** Opening MATERIAL SUPPLIED block **

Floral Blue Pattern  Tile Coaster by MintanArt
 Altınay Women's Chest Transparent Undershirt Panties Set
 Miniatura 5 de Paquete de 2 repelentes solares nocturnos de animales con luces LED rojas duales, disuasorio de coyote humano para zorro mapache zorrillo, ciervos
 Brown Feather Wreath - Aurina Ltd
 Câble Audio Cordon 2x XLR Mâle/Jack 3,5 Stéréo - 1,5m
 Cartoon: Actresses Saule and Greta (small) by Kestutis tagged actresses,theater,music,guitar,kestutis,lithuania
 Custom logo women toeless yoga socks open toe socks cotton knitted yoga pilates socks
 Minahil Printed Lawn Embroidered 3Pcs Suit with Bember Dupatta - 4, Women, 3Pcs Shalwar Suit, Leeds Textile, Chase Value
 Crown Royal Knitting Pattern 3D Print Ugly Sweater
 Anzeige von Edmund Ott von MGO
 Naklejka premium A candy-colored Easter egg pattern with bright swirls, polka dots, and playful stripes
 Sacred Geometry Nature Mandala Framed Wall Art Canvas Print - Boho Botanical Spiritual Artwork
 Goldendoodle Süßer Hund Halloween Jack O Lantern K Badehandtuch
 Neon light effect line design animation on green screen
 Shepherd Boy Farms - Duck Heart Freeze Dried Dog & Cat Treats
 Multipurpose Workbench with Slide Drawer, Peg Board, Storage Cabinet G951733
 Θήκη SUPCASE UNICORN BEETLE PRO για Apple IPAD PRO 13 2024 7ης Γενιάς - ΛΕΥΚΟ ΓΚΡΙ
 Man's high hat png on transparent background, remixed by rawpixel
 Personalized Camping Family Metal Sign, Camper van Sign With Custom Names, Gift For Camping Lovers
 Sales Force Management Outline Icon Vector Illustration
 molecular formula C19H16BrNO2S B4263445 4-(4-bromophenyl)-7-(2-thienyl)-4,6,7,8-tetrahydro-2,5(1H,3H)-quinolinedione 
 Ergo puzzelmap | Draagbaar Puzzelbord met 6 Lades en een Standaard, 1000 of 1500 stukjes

** Closing MATERIAL SUPPLIED block **

Please return every line from the first one in the records above down to the line containing "Custom logo women", including both, exactly as written and nothing more.

- [RESPONSE FOR THIS EXERCISE]
Floral Blue Pattern  Tile Coaster by MintanArt
 Altınay Women's Chest Transparent Undershirt Panties Set
 Miniatura 5 de Paquete de 2 repelentes solares nocturnos de animales con luces LED rojas duales, disuasorio de coyote humano para zorro mapache zorrillo, ciervos
 Brown Feather Wreath - Aurina Ltd
 Câble Audio Cordon 2x XLR Mâle/Jack 3,5 Stéréo - 1,5m
 Cartoon: Actresses Saule and Greta (small) by Kestutis tagged actresses,theater,music,guitar,kestutis,lithuania
 Custom logo women toeless yoga socks open toe socks cotton knitted yoga pilates socks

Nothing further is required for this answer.